◆ Exercise description ◆
Look below for the line containing "vidaXL Kopalniška omarica"; write out that line and each one after it to the end, exactly, and nothing else.

◆ Records contained in a dataset ◆
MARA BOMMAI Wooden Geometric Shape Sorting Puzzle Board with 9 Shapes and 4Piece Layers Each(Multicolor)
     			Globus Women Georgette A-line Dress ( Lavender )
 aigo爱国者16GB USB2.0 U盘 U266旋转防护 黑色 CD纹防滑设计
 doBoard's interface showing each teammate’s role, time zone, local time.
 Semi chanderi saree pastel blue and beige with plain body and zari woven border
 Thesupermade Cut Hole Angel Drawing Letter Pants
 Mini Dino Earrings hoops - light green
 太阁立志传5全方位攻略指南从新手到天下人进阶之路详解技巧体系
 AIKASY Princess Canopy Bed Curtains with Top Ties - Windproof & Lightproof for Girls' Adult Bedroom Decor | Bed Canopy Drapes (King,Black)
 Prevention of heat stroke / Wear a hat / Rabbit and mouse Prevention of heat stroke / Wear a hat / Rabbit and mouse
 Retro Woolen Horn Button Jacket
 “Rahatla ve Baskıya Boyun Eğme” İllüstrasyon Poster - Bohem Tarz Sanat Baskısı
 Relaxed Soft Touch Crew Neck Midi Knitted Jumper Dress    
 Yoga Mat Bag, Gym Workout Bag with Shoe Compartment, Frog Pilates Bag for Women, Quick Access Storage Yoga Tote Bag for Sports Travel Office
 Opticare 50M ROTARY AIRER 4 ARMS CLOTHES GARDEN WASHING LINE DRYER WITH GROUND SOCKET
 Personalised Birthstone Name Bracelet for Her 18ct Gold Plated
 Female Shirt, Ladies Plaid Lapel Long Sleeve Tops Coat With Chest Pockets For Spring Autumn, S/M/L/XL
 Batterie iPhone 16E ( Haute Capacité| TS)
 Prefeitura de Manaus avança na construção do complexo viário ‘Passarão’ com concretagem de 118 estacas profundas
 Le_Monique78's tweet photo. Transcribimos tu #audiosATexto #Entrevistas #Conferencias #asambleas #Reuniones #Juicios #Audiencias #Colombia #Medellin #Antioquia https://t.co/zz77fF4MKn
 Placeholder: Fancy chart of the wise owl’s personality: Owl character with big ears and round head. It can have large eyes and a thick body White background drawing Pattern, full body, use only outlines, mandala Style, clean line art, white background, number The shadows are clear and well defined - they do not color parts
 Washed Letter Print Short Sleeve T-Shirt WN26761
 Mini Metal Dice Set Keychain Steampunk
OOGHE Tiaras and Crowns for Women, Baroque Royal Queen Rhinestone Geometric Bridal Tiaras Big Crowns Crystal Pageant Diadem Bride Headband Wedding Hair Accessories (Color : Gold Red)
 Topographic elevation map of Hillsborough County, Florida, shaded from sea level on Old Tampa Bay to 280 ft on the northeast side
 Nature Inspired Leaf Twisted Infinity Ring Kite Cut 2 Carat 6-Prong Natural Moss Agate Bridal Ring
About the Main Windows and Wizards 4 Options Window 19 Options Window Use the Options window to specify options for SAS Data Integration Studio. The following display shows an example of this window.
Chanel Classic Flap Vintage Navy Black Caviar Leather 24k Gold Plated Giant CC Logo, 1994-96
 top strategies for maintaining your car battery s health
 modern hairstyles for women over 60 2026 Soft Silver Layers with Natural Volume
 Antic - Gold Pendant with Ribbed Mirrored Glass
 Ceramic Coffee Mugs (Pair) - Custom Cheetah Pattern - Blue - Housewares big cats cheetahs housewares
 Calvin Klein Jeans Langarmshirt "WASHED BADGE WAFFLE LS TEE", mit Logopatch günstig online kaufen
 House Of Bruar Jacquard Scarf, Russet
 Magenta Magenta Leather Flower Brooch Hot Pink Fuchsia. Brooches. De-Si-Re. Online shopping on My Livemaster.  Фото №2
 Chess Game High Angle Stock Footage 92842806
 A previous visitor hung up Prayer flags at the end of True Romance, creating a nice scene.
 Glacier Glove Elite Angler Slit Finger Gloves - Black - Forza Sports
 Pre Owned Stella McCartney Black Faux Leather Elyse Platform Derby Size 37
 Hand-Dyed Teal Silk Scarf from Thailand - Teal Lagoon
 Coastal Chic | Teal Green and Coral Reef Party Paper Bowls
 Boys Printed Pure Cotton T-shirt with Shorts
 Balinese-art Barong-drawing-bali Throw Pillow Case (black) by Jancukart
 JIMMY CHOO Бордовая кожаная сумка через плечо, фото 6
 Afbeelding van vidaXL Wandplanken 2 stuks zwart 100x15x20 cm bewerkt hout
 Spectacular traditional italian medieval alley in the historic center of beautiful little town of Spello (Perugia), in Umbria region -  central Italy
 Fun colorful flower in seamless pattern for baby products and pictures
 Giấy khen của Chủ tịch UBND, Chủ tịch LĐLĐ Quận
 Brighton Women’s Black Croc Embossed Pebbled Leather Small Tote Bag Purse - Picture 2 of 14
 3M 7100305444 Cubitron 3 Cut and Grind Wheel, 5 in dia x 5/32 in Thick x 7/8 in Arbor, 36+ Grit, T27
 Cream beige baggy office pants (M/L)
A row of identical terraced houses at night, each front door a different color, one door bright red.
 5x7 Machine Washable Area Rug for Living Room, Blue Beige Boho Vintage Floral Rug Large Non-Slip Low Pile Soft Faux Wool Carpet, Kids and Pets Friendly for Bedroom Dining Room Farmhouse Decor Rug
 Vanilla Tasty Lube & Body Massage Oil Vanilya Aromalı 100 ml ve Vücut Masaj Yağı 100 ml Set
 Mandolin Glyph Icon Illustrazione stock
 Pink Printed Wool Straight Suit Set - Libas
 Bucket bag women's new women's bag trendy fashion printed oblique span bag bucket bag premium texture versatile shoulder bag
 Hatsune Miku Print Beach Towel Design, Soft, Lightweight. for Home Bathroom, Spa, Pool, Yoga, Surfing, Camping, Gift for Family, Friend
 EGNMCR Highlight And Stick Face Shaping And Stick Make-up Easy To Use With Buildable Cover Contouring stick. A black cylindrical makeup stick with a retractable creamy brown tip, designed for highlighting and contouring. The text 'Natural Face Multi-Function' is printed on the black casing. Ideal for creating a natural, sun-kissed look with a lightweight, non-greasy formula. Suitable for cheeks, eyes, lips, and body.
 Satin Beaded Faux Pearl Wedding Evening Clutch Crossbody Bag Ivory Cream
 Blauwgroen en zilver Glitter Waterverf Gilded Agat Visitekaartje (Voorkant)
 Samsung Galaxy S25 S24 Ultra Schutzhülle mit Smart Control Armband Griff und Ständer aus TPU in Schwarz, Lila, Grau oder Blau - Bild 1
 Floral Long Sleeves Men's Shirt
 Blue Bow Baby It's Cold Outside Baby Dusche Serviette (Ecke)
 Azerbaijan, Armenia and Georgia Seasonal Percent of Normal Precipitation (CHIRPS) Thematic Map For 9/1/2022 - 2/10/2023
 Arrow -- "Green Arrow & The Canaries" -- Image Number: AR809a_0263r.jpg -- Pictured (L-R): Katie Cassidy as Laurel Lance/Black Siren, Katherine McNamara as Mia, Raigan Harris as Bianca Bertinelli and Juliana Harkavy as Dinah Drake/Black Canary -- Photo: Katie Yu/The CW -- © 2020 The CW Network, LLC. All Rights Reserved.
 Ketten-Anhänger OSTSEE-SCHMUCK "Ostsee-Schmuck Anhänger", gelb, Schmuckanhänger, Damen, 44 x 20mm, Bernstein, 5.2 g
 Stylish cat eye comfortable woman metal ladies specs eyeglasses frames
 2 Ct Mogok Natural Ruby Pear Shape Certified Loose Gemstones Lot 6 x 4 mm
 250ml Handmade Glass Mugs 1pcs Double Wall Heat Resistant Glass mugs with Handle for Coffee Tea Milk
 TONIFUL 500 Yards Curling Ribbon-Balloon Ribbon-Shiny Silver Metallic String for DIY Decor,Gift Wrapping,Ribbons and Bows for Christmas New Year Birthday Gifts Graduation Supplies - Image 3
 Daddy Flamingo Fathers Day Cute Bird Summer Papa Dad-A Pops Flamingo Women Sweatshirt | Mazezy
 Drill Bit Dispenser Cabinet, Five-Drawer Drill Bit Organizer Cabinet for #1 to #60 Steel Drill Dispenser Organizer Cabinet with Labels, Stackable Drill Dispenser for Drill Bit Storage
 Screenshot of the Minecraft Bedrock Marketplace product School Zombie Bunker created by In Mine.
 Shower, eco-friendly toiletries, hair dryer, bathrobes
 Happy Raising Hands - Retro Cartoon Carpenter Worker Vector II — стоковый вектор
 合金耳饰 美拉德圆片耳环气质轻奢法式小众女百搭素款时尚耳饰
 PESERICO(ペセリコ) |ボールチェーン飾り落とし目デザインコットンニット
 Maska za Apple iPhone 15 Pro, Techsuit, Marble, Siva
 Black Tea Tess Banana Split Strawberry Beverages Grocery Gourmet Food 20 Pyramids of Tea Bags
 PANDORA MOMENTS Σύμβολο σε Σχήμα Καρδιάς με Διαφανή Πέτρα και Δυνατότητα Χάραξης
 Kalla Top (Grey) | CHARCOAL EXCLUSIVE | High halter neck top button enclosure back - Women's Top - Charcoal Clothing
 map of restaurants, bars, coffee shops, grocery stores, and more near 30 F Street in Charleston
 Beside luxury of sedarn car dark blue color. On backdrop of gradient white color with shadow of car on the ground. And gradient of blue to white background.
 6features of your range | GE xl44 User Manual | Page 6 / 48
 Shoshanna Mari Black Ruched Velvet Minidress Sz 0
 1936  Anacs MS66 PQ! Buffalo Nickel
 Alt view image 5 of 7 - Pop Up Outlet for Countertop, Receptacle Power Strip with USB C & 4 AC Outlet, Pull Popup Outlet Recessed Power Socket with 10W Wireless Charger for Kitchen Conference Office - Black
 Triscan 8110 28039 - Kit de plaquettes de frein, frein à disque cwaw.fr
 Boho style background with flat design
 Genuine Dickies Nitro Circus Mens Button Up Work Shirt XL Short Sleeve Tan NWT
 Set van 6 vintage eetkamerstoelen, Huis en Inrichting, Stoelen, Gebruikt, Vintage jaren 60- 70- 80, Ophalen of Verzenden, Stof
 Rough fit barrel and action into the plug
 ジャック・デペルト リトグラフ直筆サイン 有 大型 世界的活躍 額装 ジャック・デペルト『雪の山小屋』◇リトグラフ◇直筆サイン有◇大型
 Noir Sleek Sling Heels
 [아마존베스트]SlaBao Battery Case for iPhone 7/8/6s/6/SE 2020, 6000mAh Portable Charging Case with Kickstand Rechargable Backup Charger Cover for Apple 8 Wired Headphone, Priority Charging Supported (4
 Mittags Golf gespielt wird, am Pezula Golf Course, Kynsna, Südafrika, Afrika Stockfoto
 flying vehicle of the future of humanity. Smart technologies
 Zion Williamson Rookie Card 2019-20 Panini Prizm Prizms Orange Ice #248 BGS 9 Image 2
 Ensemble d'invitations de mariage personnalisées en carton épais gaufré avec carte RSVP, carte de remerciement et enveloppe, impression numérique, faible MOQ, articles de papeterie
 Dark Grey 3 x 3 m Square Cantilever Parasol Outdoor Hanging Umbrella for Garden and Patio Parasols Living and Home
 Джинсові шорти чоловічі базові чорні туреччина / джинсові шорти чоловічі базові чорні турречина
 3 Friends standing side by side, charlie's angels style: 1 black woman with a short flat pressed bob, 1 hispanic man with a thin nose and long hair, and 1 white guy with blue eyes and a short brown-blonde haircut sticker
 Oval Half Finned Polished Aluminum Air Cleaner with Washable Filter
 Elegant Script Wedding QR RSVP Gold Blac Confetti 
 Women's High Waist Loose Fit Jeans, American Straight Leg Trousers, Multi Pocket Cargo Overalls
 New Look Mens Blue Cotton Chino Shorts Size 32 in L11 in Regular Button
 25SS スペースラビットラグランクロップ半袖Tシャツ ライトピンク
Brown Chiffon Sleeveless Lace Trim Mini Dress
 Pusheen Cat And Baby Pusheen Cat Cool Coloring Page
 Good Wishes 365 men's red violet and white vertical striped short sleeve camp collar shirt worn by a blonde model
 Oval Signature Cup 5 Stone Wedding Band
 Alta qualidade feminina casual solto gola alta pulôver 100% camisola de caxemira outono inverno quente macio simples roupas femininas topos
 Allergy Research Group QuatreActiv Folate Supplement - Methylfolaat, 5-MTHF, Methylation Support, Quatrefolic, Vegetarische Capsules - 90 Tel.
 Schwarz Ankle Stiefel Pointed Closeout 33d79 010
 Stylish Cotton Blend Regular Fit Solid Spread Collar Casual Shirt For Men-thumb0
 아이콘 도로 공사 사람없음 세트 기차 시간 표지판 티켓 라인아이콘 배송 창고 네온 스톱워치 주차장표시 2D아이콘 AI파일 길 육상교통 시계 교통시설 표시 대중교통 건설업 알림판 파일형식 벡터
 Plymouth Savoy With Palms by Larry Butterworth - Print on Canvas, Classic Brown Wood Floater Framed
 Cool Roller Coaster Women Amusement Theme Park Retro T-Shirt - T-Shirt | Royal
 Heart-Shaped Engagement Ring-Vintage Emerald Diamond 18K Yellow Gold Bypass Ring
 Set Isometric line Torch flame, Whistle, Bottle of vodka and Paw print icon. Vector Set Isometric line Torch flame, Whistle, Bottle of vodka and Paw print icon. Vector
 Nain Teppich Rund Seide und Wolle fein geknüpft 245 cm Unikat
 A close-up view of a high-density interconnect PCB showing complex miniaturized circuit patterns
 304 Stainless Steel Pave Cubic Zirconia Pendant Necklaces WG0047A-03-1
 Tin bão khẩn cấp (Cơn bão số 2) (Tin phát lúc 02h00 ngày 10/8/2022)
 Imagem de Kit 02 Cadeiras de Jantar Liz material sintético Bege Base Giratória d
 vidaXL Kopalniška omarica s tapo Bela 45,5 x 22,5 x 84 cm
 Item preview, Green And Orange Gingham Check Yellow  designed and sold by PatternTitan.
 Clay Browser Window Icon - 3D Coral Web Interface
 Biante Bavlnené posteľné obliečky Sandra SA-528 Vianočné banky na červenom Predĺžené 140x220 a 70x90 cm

◆ Task result ◆
 vidaXL Kopalniška omarica s tapo Bela 45,5 x 22,5 x 84 cm
 Item preview, Green And Orange Gingham Check Yellow  designed and sold by PatternTitan.
 Clay Browser Window Icon - 3D Coral Web Interface
 Biante Bavlnené posteľné obliečky Sandra SA-528 Vianočné banky na červenom Predĺžené 140x220 a 70x90 cm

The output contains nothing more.